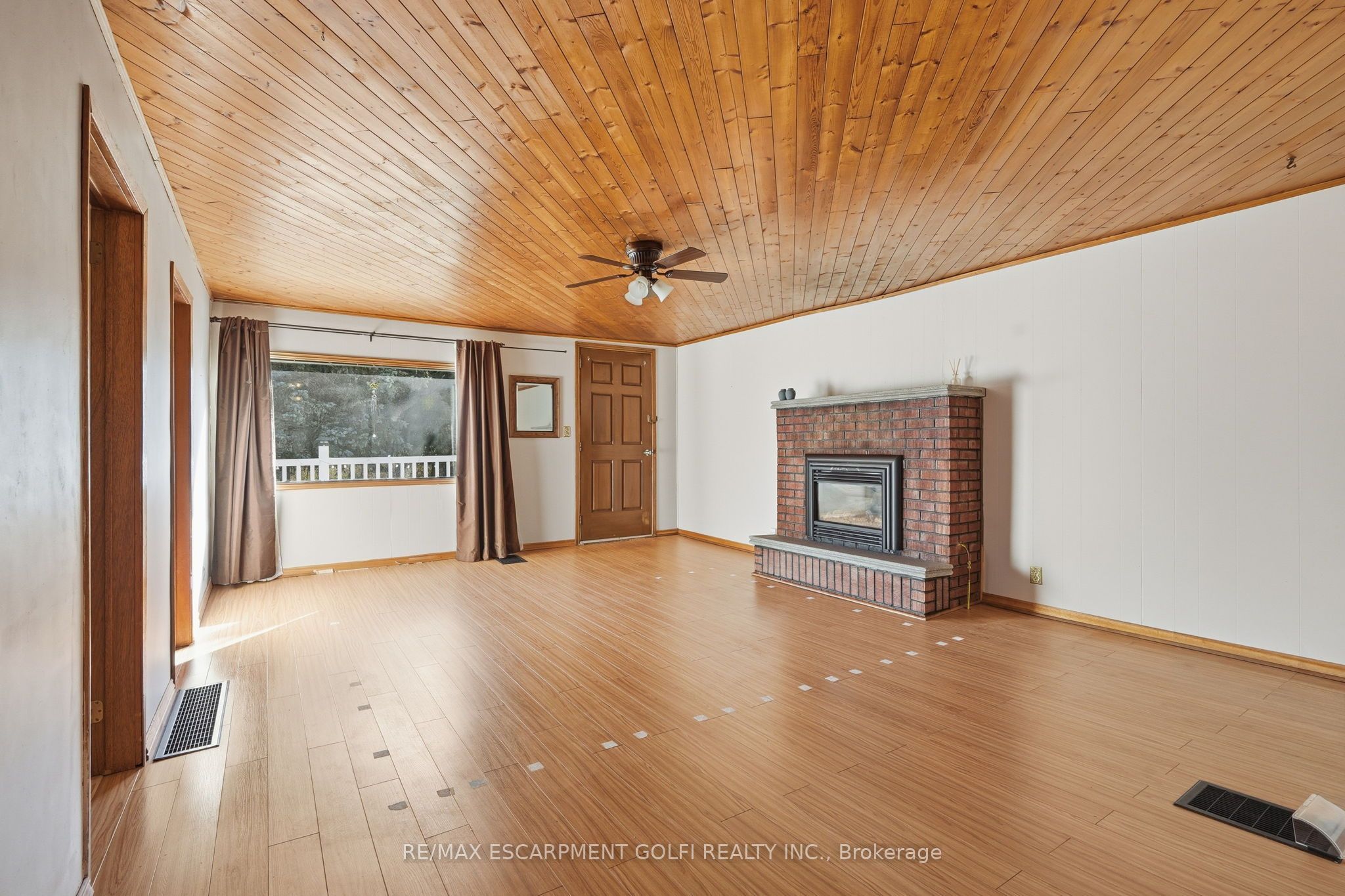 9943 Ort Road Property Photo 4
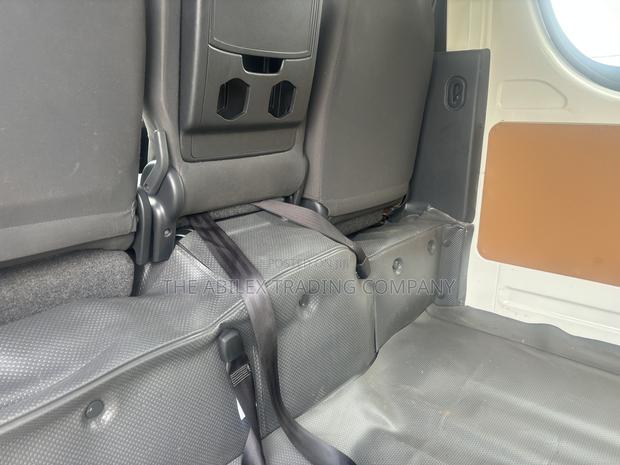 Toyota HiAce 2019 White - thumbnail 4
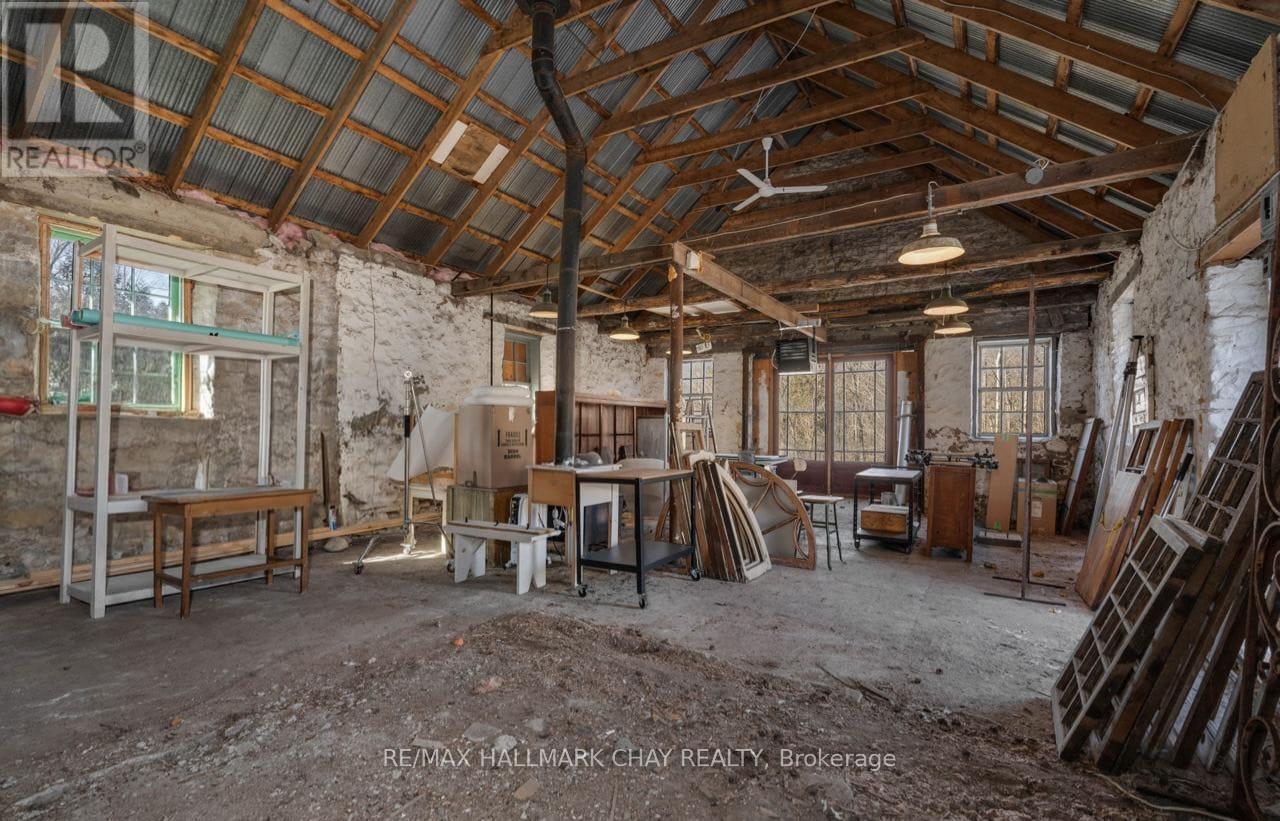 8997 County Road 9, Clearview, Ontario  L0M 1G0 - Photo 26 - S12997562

==

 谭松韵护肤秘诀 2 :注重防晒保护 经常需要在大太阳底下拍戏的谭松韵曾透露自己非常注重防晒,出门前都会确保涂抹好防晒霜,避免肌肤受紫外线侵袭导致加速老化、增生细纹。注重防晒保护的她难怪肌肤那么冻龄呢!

- _TASK INSTRUCTIONS_
Return, exactly as they stand, the lines above from the one with "Toyota HiAce 2019 White - thumbnail 4" to the one with "8997 County Road", omitting any pictures among them.

- _YOUR SOLUTION_
 Toyota HiAce 2019 White - thumbnail 4
 8997 County Road 9, Clearview, Ontario  L0M 1G0 - Photo 26 - S12997562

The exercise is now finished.